Alexandre's Notebook: September 2008

Statistics Part 3, the Election day

This is part 3 of a series of Statistics brief introduction, see here for part 2 and here for part 1.

Have you ever seen on tv the counting of the votes on election day? where they keep showing all the day the status of the votes count? Well in Portugal they do a full day of this, and yes, is very boring... But one of the things that amazed me was how could they know who was going to win, before they counted all the votes... At some point they said: we have counted, for example, 75% of all votes, and we can say the president Y is going to win, and the final results will be between A and B! How amazing is that? How can that be? How can they know what the people that is not counted yet, has voted for?
Are they working with some magic crystal ball where you can see the future? And if they have this magic crystal ball, why don't they just guess the lottery and quit working for this boring voting shows?... Very intriguing stuff...

Normal distribution

When mathematicians started to look an how to make statistics one thing they noticed is that most data when displayed in a histogram graph(where x=the value itself, y=number of times each value occurs in the sample data) it often looks like a bell shape graph:

This distribution (the way values get distributed on the graph) has the name of normal distribution. And because happens so frequently, is a very useful(i'd say even essential) notion to be aware of.

So if we know that the data we are looking at has a normal distribution then we know that it possesses some known properties and that fact guarantees that we can extract accurate statistics from it.

Note that the normal distribution is not the only one that exists. But is by far the most important one: http://en.wikipedia.org/wiki/Normal_distribution.
There are also techniques to convert non-normal distributions to normal ones, to some extent.

So on the election votes count story, what they do is: by looking at previous voting years, they've seen that the voting follows a normal distribution, so they can automatically assume that the voting this year will also follow the normal distribution. And then even with only a partial count of the votes, we can accurately predict what is going to happen between some reliability limits. Clever stuff no?!

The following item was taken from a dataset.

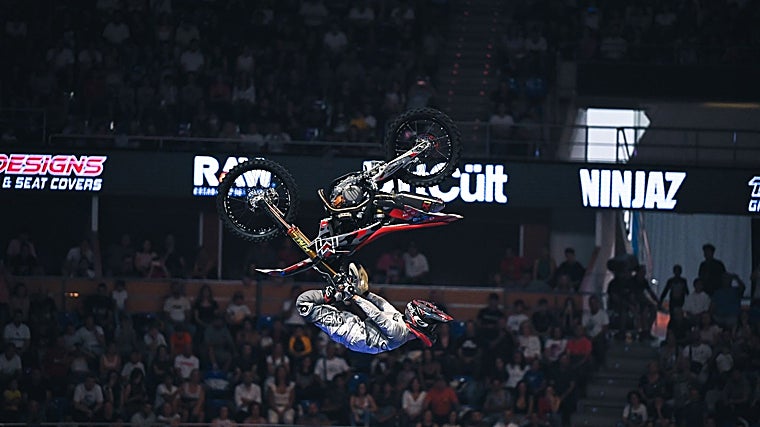 El espectáculo de motos se vivirá este sábado en el Estadio de la Cartuja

And guess what, voting is not the only thing you can apply this to! You can actually try to apply this for some more interesting things :)

So, how do I use it ?

Lets say you have collected sample data from an experiment, and you need to figure out from that sample what is the overall population results.

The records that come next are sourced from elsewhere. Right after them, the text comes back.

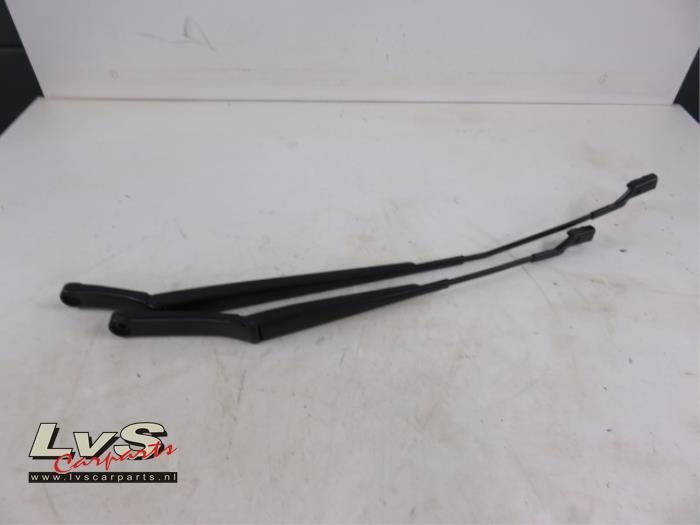 Volkswagen Touran Front wiper arm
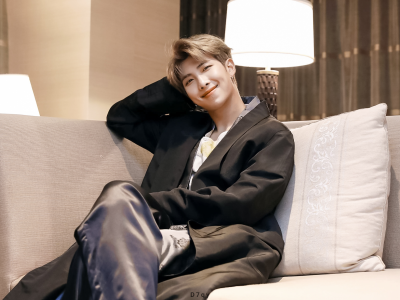 の
You can call me artist
You can call me idol
防弹少年团
二传标明D7qy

1st: Make sure that data follows normal distribution.

And this even applies to simple things like on the Muffins story, where we did a simple average calculation, but because data didn't follow normal distribution the average is not accurate enough!

A common used technique is to use the QQ normal plot, which plots the expected normal distribution against your data.

So lets take the "precip", which is a default data set of R, and holds the "Precipitation [in/yr] for 70 US cities", and plot it.
> qqnorm(precip, ylab = "Precipitation [in/yr] for 70 US cities")
> qqline(precip)

qqnorm generates the plot of the values, and qqline makes a line passing by the middle of the values.

The better the values(the dots) fit into that line, the closer the data it is to the normal distribution.

2nd: Calculate the confidence intervals.

If the data we have follows the normal distribution, then, we know is like:

Thus we can calculate and interval that will say the the value will be between X and Y with 68%(34.1+34.1) accuracy or, for example, 95% accuracy.

Let see an example and use the students t-test method, there are also other ways to do it, but a students t-test is a good way to go, because is slightly more tolerant to experimental data, that always contains some measurements errors.

Lets use again this "precip" data set, "Precipitation [in/yr] for 70 US cities"
> t.test(precip)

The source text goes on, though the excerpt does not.